(Records for processing begins)
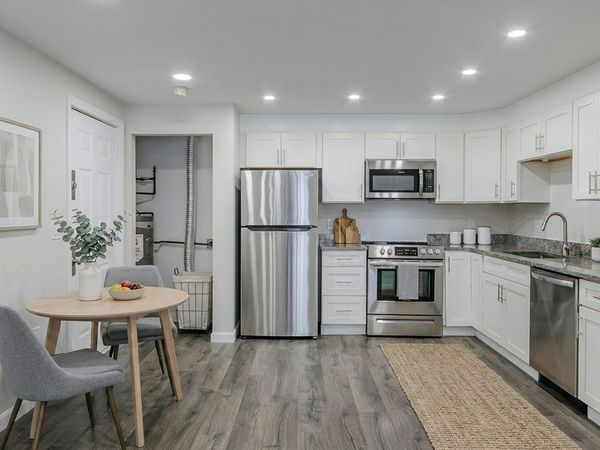 10 Dryden Street, Unit 7, Worcester, MA 01605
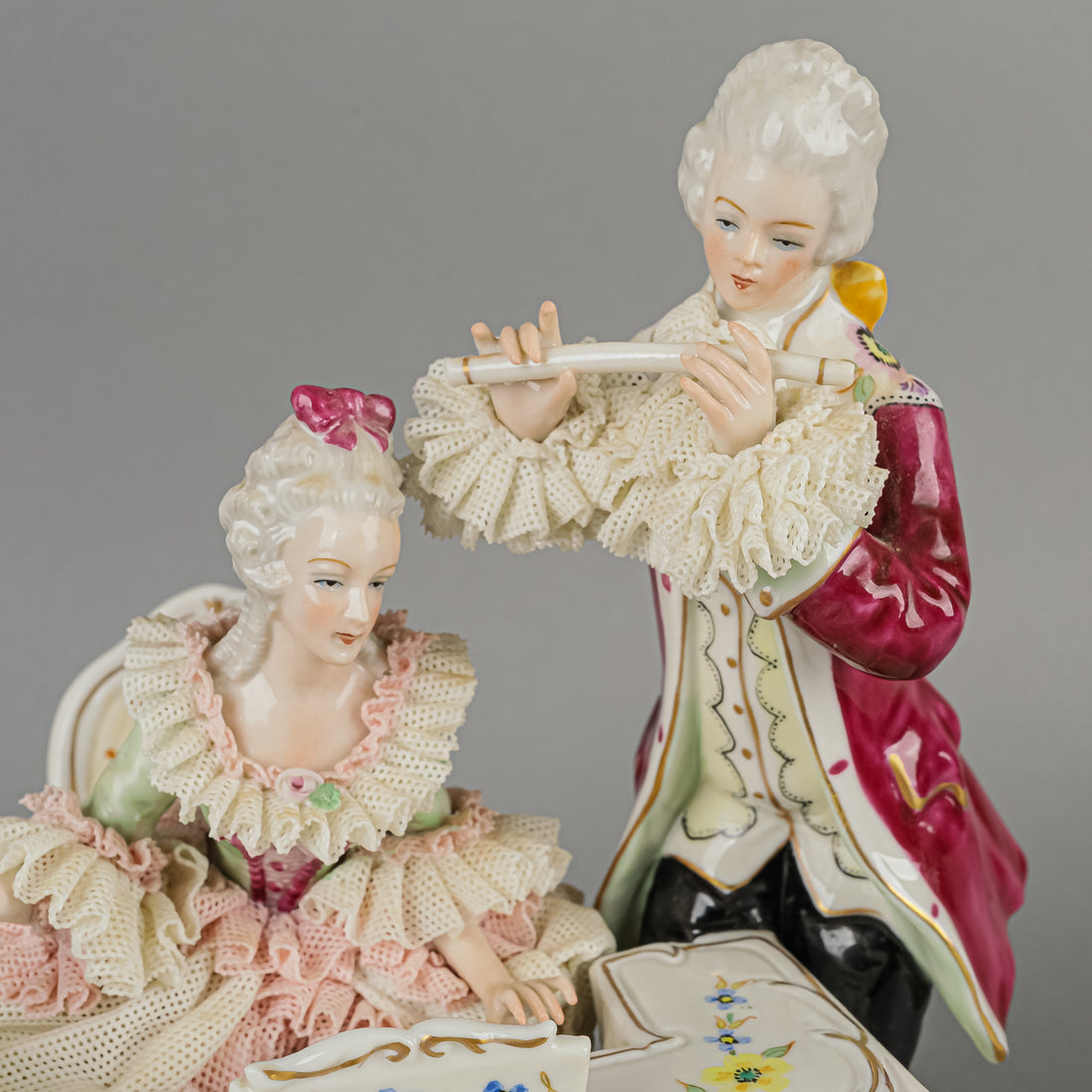 IRISH DRESDEN Filigree Figurine Magic Flue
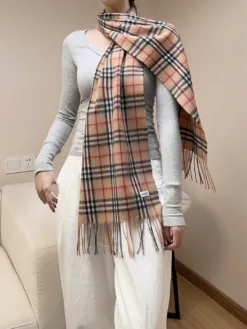 BURBERRY Scarves A0520260504620769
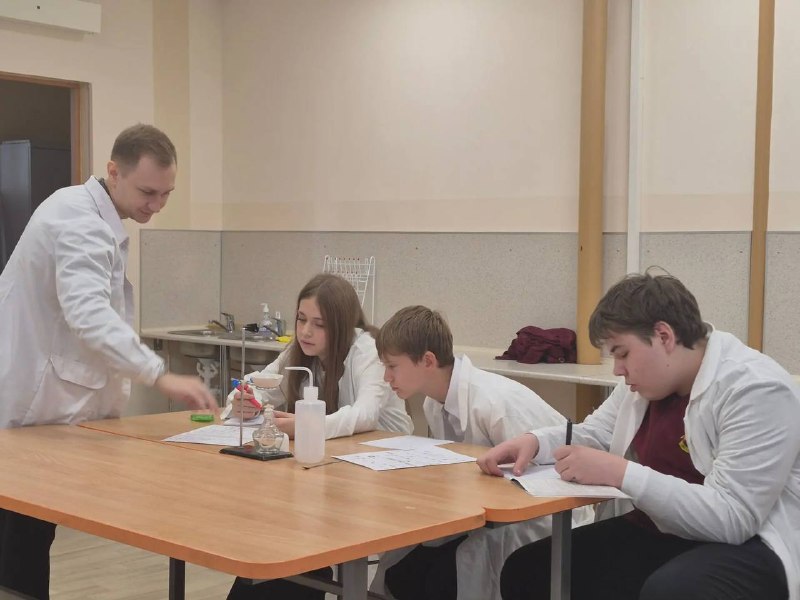 🧪 Открытие новой химической лаборатории в «Европейской школе»!Сегодня мы заглянули туда, где рождается настоящая наука. В нашей школе совсем недавно открылась химическая лаборатория, созданная благодаря стараниям нового педагога — Дмитрия Евгеньевича Макрушина. Это учитель, по-настоящему влюбленный в свой предмет, и его энтузиазм передается детям!Здесь прошли  лабораторные занятия для учащихся 7 класса.🔬 Почему 7 класс?Обычно химию начинают изучать только в 8 классе, но в «Европейской школе» введение в этот предмет включено в программу уже для семиклассников. И это отличная возможность начать знакомство с наукой раньше!👩‍🔬 Как прошло занятие?Ребята примерили спецодежду лаборантов — белые халаты, прошли серьезный инструктаж, а затем приступили к изучению инвентаря, работая в группах.Самым важным моментом стала тема безопасности. Этому вопросу посвятили часть урока, ведь в лаборатории это — приоритет №1. Также был и интерактив: обсудили разные рабочие моменты, с которыми можно столкнуться во время экспериментов.Впереди — много интересного и увлекательного! 🚀🧪 Открытие новой химической лаборатории в «Европейской школе»!Сегодня мы заглянули туда, где рождается настоящая наука. В нашей школе совсем недавно открылась химическая лаборатория, созданная благодаря стараниям нового педагога — Дмитрия Евгеньевича Макрушина. Это учитель, по-настоящему влюбленный в свой предмет, и его энтузиазм передается детям!Здесь прошли  лабораторные занятия для учащихся 7 класса.🔬 Почему 7 класс?Обычно химию начинают изучать только в 8 классе, но в «Европейской школе» введение в этот предмет включено в программу уже для семиклассников. И это отличная возможность начать знакомство с наукой раньше!👩‍🔬 Как прошло занятие?Ребята примерили спецодежду лаборантов — белые халаты, прошли серьезный инструктаж, а затем приступили к изучению инвентаря, работая в группах.Самым важным моментом стала тема безопасности. Этому вопросу посвятили часть урока, ведь в лаборатории это — приоритет №1. Также был и интерактив: обсудили разные рабочие моменты, с которыми можно столкнуться во время экспериментов.Впереди — много интересного и увлекательного! 🚀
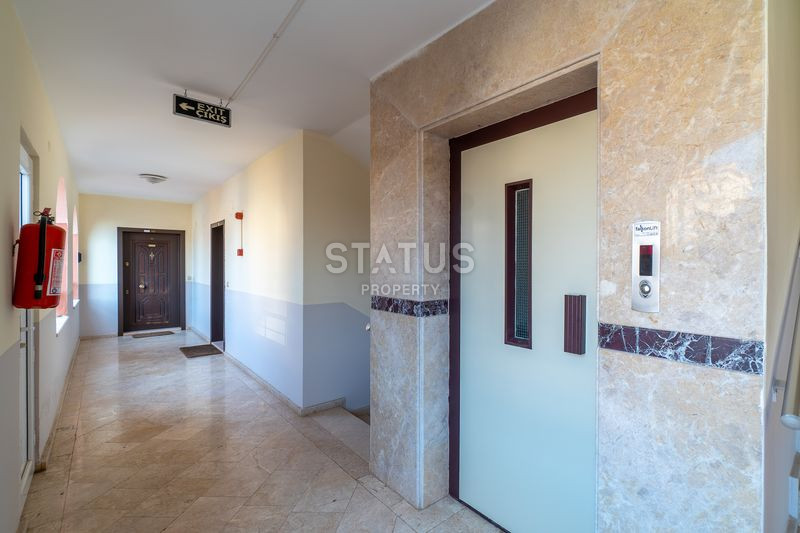 Уютная трёхкомнатная меблированная квартира 250м от моря в открытом районе Тосмур. 120м2 фото 3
(Records for processing ends)
# Problem description
Every entry above needs to be copied exactly, and no pictures go with it.

# Response
 10 Dryden Street, Unit 7, Worcester, MA 01605
 IRISH DRESDEN Filigree Figurine Magic Flue
 BURBERRY Scarves A0520260504620769
 🧪 Открытие новой химической лаборатории в «Европейской школе»!Сегодня мы заглянули туда, где рождается настоящая наука. В нашей школе совсем недавно открылась химическая лаборатория, созданная благодаря стараниям нового педагога — Дмитрия Евгеньевича Макрушина. Это учитель, по-настоящему влюбленный в свой предмет, и его энтузиазм передается детям!Здесь прошли  лабораторные занятия для учащихся 7 класса.🔬 Почему 7 класс?Обычно химию начинают изучать только в 8 классе, но в «Европейской школе» введение в этот предмет включено в программу уже для семиклассников. И это отличная возможность начать знакомство с наукой раньше!👩‍🔬 Как прошло занятие?Ребята примерили спецодежду лаборантов — белые халаты, прошли серьезный инструктаж, а затем приступили к изучению инвентаря, работая в группах.Самым важным моментом стала тема безопасности. Этому вопросу посвятили часть урока, ведь в лаборатории это — приоритет №1. Также был и интерактив: обсудили разные рабочие моменты, с которыми можно столкнуться во время экспериментов.Впереди — много интересного и увлекательного! 🚀🧪 Открытие новой химической лаборатории в «Европейской школе»!Сегодня мы заглянули туда, где рождается настоящая наука. В нашей школе совсем недавно открылась химическая лаборатория, созданная благодаря стараниям нового педагога — Дмитрия Евгеньевича Макрушина. Это учитель, по-настоящему влюбленный в свой предмет, и его энтузиазм передается детям!Здесь прошли  лабораторные занятия для учащихся 7 класса.🔬 Почему 7 класс?Обычно химию начинают изучать только в 8 классе, но в «Европейской школе» введение в этот предмет включено в программу уже для семиклассников. И это отличная возможность начать знакомство с наукой раньше!👩‍🔬 Как прошло занятие?Ребята примерили спецодежду лаборантов — белые халаты, прошли серьезный инструктаж, а затем приступили к изучению инвентаря, работая в группах.Самым важным моментом стала тема безопасности. Этому вопросу посвятили часть урока, ведь в лаборатории это — приоритет №1. Также был и интерактив: обсудили разные рабочие моменты, с которыми можно столкнуться во время экспериментов.Впереди — много интересного и увлекательного! 🚀
 Уютная трёхкомнатная меблированная квартира 250м от моря в открытом районе Тосмур. 120м2 фото 3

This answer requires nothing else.